Olivia was smart, beautiful, and in charge, which was a contrast to the subservient roles of yesteryear. With every episode, I became mesmerized by the eloquence of Papa Pope’s monologues, especially when directed to Olivia. He reminded me of the importance of black fathers and how they are instrumental in the shaping of their daughters. Papa Pope constantly reminded her to aim high, not to become blinded by the falsehood of worthiness, and that mediocrity was unacceptable. Throughout their exchanges, he often made her recite, “I have to be twice as good as them to get half of what they have”.
These are the daily battles we encounter as black women. Although progression is continuously happening, positioning does not guarantee our permanency. We have often dimmed our own light in order for “them” with their assumed power to stay illuminated. Yes, we are our ancestors’ wildest dreams, and it is now time for us to honor them. Although there are many of us that are physically free, there are many that are enslaved by their minds. Knowledge is power and so let us start in allowing the morphing of greatness to form through simply turning a page.
Let us not forget that our ancestors were instrumental in building this country. As former First Lady Michelle Obama said during the National Democratic Convention, “That is the story of this country, the story that has brought me to this stage tonight, the story of generations of people who felt the lash of bondage, the shame of servitude, the string of segregation, but who kept on striving and hoping and doing what needed to be done so that today I wake up every morning in a house that was built by slaves. And I watch my daughters, two beautiful, intelligent, black women playing with their dogs on the White House lawn”. It is the strength of the past that breeds your existence into the future. Knowing who you are is essential to prosperity. The blood that is running through your veins should provide you armor against adversity.
During the end of the finale, Papa Pope said, “I wake up every morning and I make America great. That is my legacy…I want my face on Mt.

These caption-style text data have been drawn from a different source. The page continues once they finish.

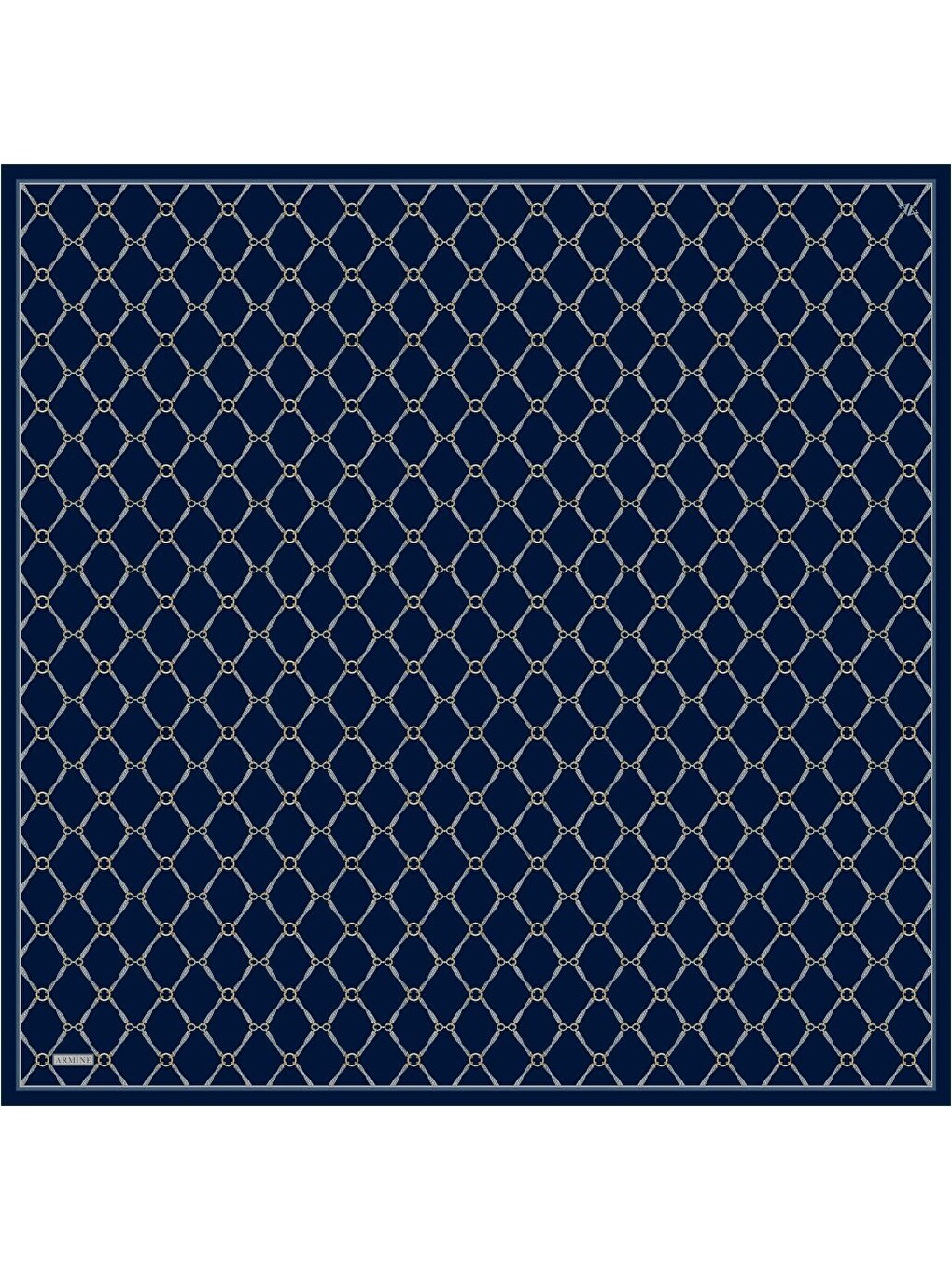 Lacivert Saf İpek Twill Eşarp 9538d 85-4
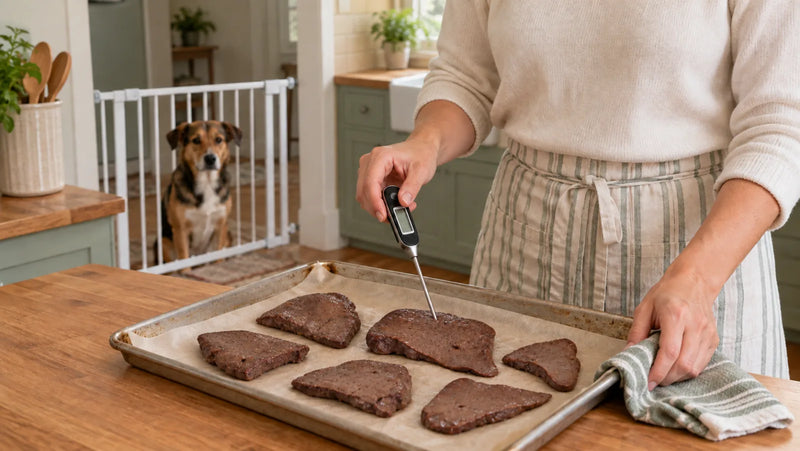 Cook checking plain beef liver with a food thermometer while a dog waits behind a gate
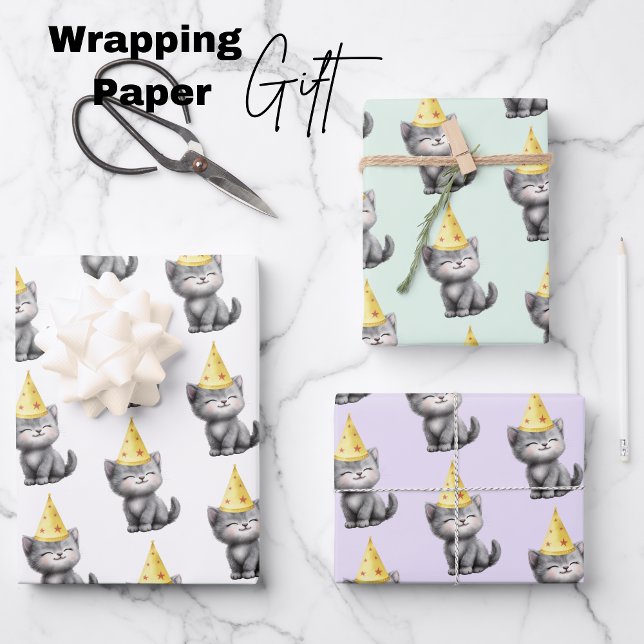 Hoja De Papel De Regalo Cumpleaños de Cute Kitten (Cute Kitten Birthday Wrapping Paper Sheets)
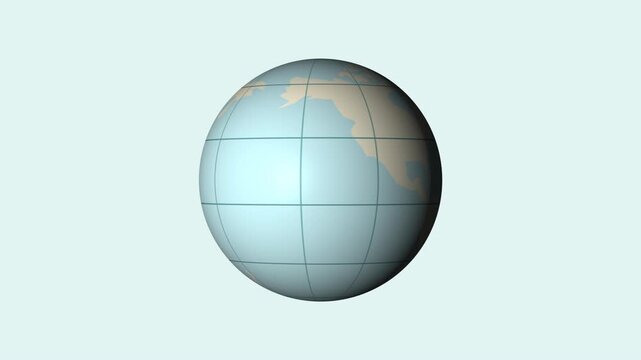 Animated earth rotation displays europe africa, america, asia and middle east on a slowly rotating globe.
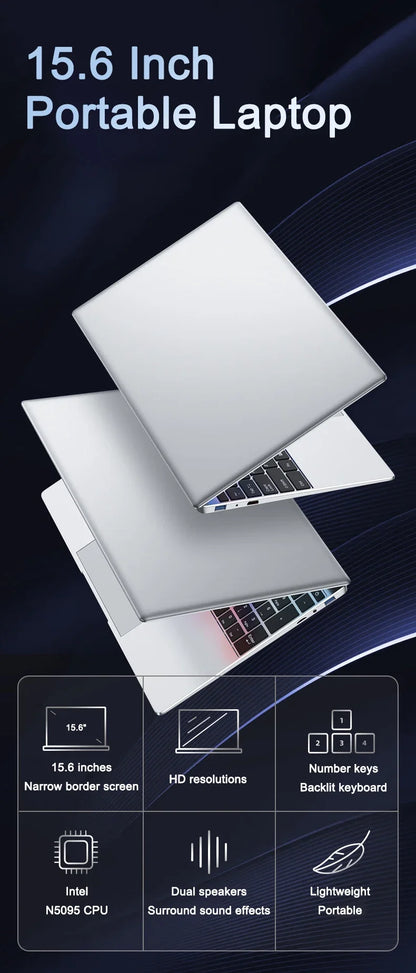 New 15.6" Inch Laptop Windows 11 Pro N5095 1920x1080 32GB+2048 GB Backlit Keyboard Portable Office Entertainment Laptop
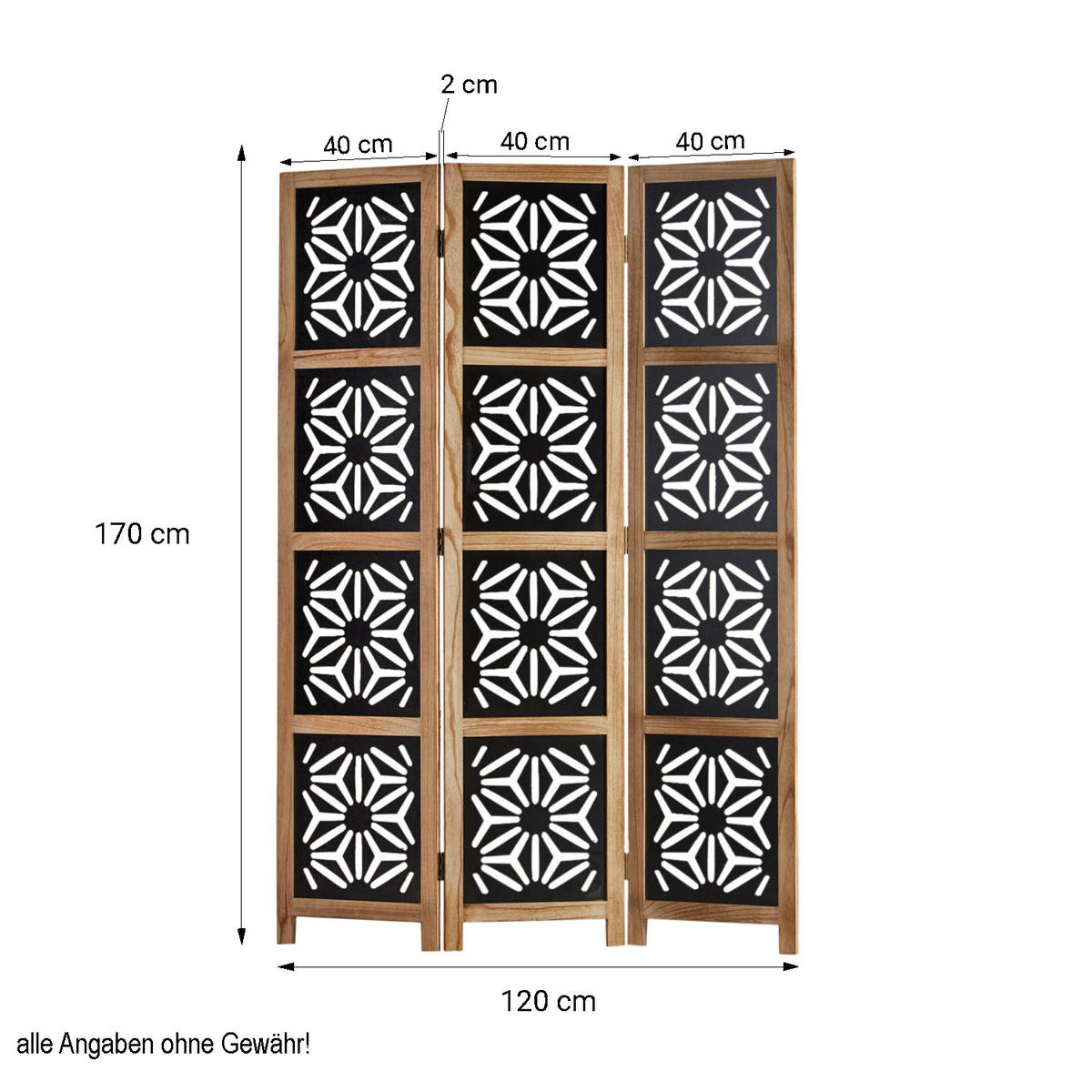 PARAVENT 3-tlg. 120/170 cm Braun Holz-Ornamentik - Braun, Holz (120/170/2cm) - Homestyle4u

Rushmore. I want a statue that would dwarf the Washington Monument. I want my name on the lips and hearts of every patriot, every American citizen, from sea to shining sea”.
What is going to be your legacy? Quincy Jones once told Oprah Winfrey that “Your future’s so bright it burns my eyes”. He said this to Oprah after filming The Color Purple, which was more than thirty years ago, and now she is one of the most influential women in the world. Do not continue to allow the past to predetermine your fate. Make this the year of you and do not allow any forms of adversity to impede your success.
The final scene of Scandal brought me to tears when I saw the two African-American girls awestruck by the Olivia Pope portrait. That scene reminded me of the picture of two-year-old Parker Curry’s reaction to former First Lady Michelle Obama’s portrait at the National Portrait Gallery.
Although “We The People” pertained to a selective group, it is important for us to proclaim our relevance to the world. We must “collectively” understand our worth and reclaim the power that we already have bestowed on us, and let us not forget that success is not guaranteed by the actions of one person. Black women, we are warriors and it is time for us assemble our gladiators to claim our thrones. We must begin to silence the chatter and show everyone the true destiny of our hopes.
This is a call to action for all women. Get ready to grab your white hats and let’s start taking over the world.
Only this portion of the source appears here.